_TRY IT_. The data below holds the lines to copy: everything from the line containing "Used 2024 Jeep" to the line containing "Le président du", both ends included, set down exactly.

_DATA_.
━━━━━━━━━━━━━━━━━━━━━━━━━━━━━━

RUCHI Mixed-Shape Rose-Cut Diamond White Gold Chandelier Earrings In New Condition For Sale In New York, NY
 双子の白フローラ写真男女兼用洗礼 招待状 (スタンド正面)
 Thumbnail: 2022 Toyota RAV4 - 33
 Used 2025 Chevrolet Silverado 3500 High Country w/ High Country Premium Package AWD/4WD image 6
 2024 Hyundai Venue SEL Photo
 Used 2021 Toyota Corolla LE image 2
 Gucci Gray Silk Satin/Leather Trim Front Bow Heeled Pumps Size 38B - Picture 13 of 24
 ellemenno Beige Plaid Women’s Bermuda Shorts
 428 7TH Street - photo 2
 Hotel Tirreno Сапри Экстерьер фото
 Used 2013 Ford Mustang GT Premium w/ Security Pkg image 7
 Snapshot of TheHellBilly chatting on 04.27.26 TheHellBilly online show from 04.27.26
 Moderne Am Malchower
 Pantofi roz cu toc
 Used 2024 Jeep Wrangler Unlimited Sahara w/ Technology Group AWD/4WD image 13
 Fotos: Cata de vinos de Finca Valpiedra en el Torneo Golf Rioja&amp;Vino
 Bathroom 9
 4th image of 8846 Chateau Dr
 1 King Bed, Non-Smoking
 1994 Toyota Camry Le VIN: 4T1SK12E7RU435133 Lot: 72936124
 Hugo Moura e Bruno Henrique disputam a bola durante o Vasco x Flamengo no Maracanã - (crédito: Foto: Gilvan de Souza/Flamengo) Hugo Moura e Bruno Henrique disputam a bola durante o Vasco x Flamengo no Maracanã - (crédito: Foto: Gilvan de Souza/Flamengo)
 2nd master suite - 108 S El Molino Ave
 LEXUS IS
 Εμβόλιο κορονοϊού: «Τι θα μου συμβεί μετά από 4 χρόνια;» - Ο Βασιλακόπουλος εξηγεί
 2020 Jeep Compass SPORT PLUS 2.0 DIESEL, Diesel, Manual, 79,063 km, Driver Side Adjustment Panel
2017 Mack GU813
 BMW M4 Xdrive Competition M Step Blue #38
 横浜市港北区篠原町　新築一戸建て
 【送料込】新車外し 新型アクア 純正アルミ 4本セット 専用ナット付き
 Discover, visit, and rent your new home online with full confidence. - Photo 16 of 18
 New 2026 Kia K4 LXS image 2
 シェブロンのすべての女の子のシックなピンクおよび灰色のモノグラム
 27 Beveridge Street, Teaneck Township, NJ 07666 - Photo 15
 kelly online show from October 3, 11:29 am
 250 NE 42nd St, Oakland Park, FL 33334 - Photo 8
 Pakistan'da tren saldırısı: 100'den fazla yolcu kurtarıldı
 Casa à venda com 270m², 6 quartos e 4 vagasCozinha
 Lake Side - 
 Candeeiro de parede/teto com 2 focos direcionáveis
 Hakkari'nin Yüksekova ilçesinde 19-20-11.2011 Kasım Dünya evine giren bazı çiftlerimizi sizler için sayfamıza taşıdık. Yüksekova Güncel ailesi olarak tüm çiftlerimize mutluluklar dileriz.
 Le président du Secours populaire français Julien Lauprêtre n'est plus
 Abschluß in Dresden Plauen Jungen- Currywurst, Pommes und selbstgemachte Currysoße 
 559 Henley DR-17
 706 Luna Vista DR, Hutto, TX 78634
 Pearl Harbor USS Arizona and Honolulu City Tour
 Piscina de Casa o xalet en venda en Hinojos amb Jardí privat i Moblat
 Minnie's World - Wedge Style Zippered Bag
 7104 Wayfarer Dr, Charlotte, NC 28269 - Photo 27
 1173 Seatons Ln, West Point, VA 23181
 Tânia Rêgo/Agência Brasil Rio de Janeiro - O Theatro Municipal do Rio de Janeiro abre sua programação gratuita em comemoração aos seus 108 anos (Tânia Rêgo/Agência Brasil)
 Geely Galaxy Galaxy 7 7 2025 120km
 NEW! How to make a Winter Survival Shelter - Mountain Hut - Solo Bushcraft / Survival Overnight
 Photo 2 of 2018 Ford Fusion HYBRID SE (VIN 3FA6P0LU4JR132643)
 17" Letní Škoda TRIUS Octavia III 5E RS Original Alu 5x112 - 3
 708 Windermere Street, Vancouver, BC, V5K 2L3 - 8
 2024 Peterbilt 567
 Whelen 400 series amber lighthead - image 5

━━━━━━━━━━━━━━━━━━━━━━━━━━━━━━

_RESULT FOR THIS TASK_.
 Used 2024 Jeep Wrangler Unlimited Sahara w/ Technology Group AWD/4WD image 13
 Fotos: Cata de vinos de Finca Valpiedra en el Torneo Golf Rioja&amp;Vino
 Bathroom 9
 4th image of 8846 Chateau Dr
 1 King Bed, Non-Smoking
 1994 Toyota Camry Le VIN: 4T1SK12E7RU435133 Lot: 72936124
 Hugo Moura e Bruno Henrique disputam a bola durante o Vasco x Flamengo no Maracanã - (crédito: Foto: Gilvan de Souza/Flamengo) Hugo Moura e Bruno Henrique disputam a bola durante o Vasco x Flamengo no Maracanã - (crédito: Foto: Gilvan de Souza/Flamengo)
 2nd master suite - 108 S El Molino Ave
 LEXUS IS
 Εμβόλιο κορονοϊού: «Τι θα μου συμβεί μετά από 4 χρόνια;» - Ο Βασιλακόπουλος εξηγεί
 2020 Jeep Compass SPORT PLUS 2.0 DIESEL, Diesel, Manual, 79,063 km, Driver Side Adjustment Panel
2017 Mack GU813
 BMW M4 Xdrive Competition M Step Blue #38
 横浜市港北区篠原町　新築一戸建て
 【送料込】新車外し 新型アクア 純正アルミ 4本セット 専用ナット付き
 Discover, visit, and rent your new home online with full confidence. - Photo 16 of 18
 New 2026 Kia K4 LXS image 2
 シェブロンのすべての女の子のシックなピンクおよび灰色のモノグラム
 27 Beveridge Street, Teaneck Township, NJ 07666 - Photo 15
 kelly online show from October 3, 11:29 am
 250 NE 42nd St, Oakland Park, FL 33334 - Photo 8
 Pakistan'da tren saldırısı: 100'den fazla yolcu kurtarıldı
 Casa à venda com 270m², 6 quartos e 4 vagasCozinha
 Lake Side - 
 Candeeiro de parede/teto com 2 focos direcionáveis
 Hakkari'nin Yüksekova ilçesinde 19-20-11.2011 Kasım Dünya evine giren bazı çiftlerimizi sizler için sayfamıza taşıdık. Yüksekova Güncel ailesi olarak tüm çiftlerimize mutluluklar dileriz.
 Le président du Secours populaire français Julien Lauprêtre n'est plus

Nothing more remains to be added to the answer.